- [WORK INSTRUCTION]: Produce a faithful copy of every record below, without the pictures.

Segment Start: INPUT RECORDS

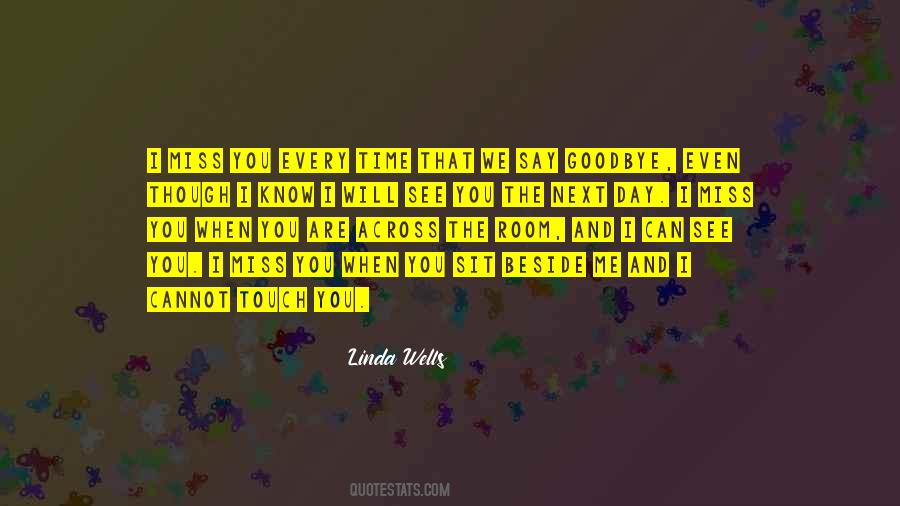Quotes About Can Say Goodbye #1095017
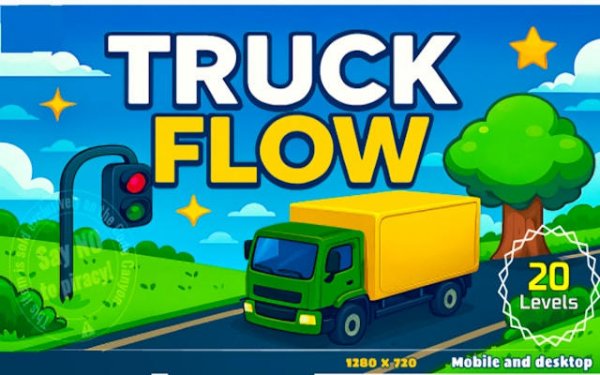 Truck Flow: Traffic Logic Puzzle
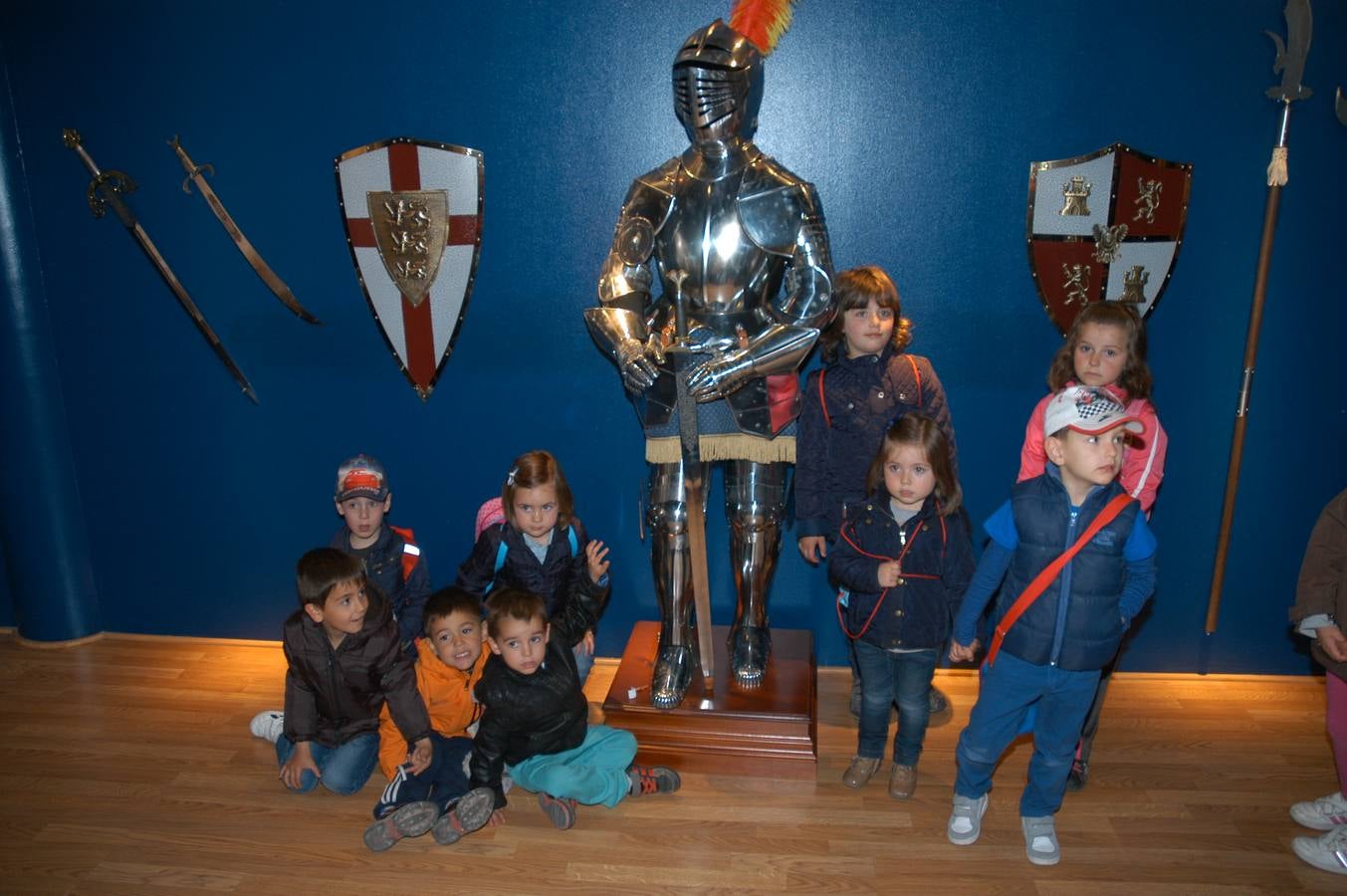 Alumnos de Cornago e Igea, de visita cultural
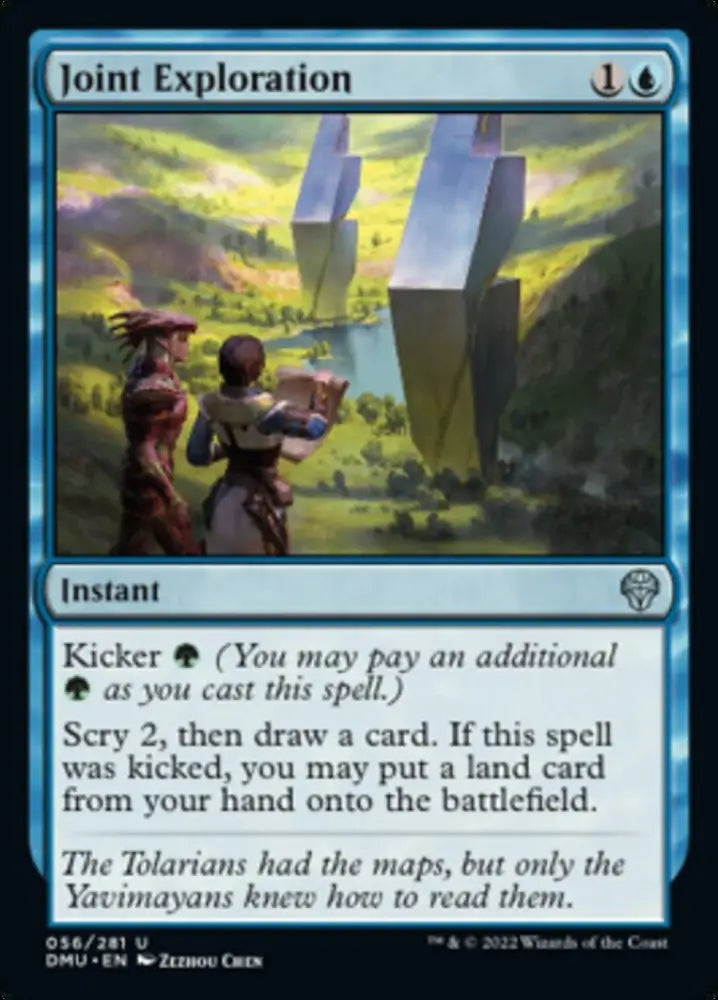 Joint Exploration [Dominaria United] - MTG Single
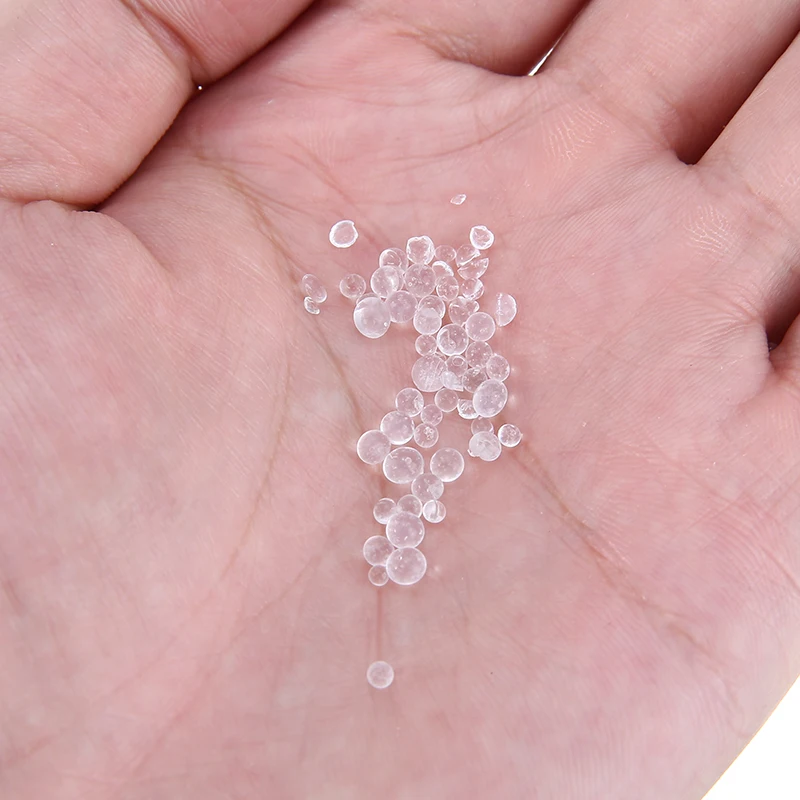 100 упаковок нетоксичный осушитель из силикагеля 1 г | Дом и сад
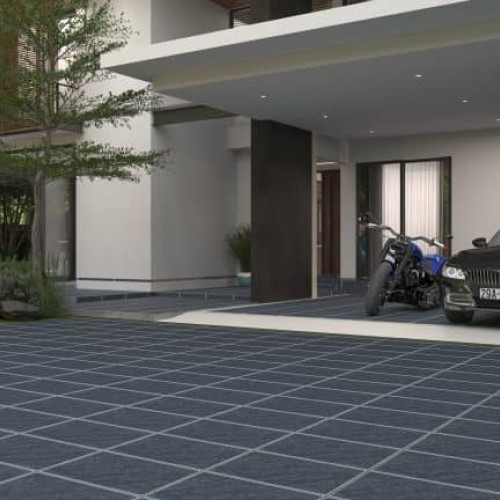 Gạch lát sân vườn 40X60 Catalan XS 42030 men nhám sugar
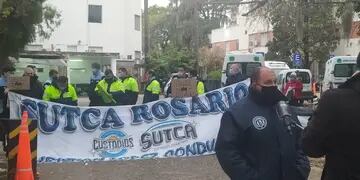 Vigiladores de PAMI Rosario establecen guardias mínimas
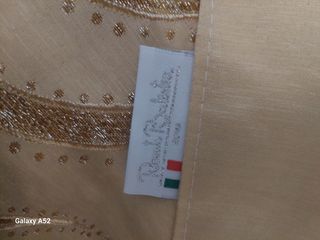 Trapuntina Matrimoniale Renato Balestra Beige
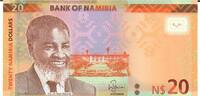Namibia 20 Namibia Dollars Banknote Geldschein -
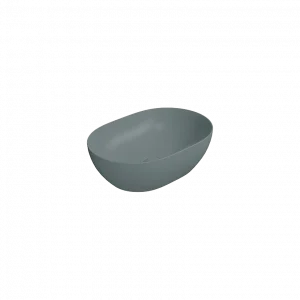 GSI PURA Раковина накладная овальная 50x35 (Agave)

Segment End: INPUT RECORDS

- [PROBLEM SOLUTION]:
Quotes About Can Say Goodbye #1095017
 Truck Flow: Traffic Logic Puzzle
 Alumnos de Cornago e Igea, de visita cultural
 Joint Exploration [Dominaria United] - MTG Single
 100 упаковок нетоксичный осушитель из силикагеля 1 г | Дом и сад
 Gạch lát sân vườn 40X60 Catalan XS 42030 men nhám sugar
 Vigiladores de PAMI Rosario establecen guardias mínimas
 Trapuntina Matrimoniale Renato Balestra Beige
Namibia 20 Namibia Dollars Banknote Geldschein -
 GSI PURA Раковина накладная овальная 50x35 (Agave)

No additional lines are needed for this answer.